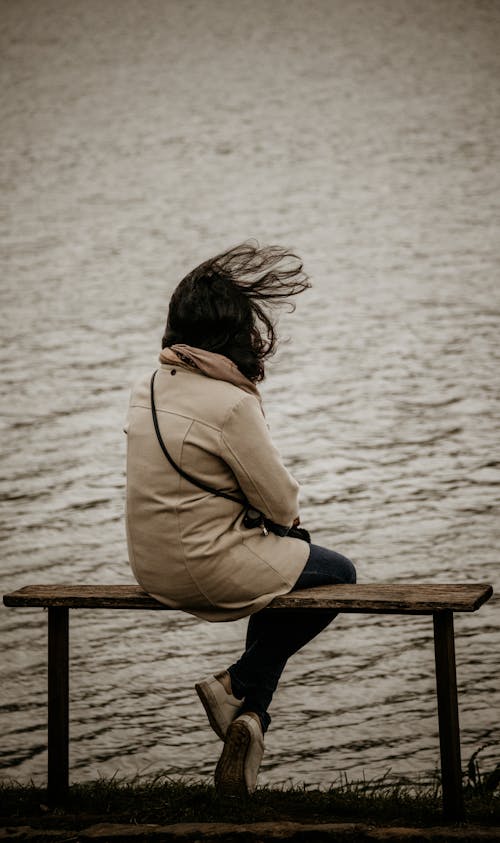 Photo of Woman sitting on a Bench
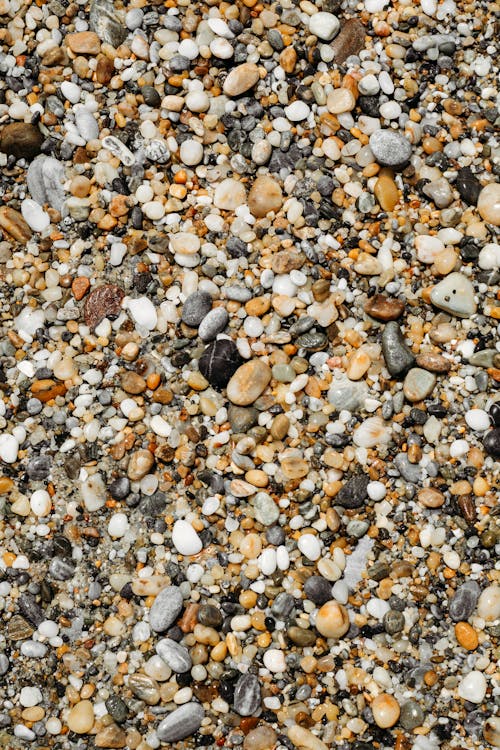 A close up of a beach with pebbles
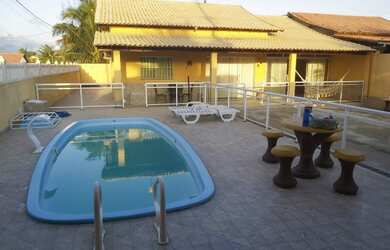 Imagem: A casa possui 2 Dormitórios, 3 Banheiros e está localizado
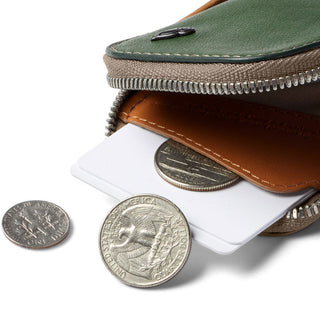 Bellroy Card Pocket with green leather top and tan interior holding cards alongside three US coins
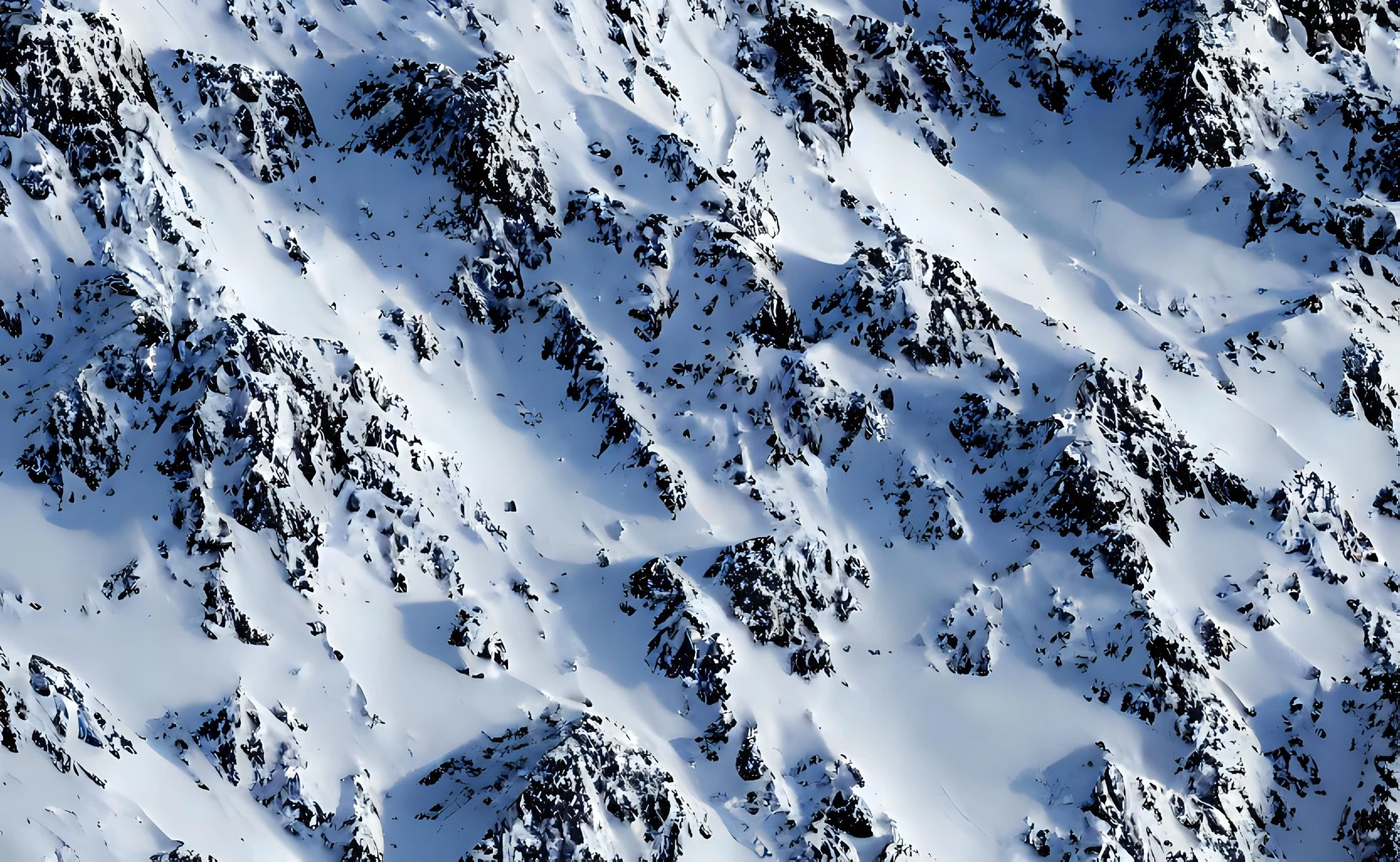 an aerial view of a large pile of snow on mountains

════════════════════

From the first line of the entries down to the line with "Bellroy Card Pocket", print each line exactly; omit any picture.

#### RESULT FOR THIS EXERCISE
 Photo of Woman sitting on a Bench
 A close up of a beach with pebbles
 Imagem: A casa possui 2 Dormitórios, 3 Banheiros e está localizado
 Bellroy Card Pocket with green leather top and tan interior holding cards alongside three US coins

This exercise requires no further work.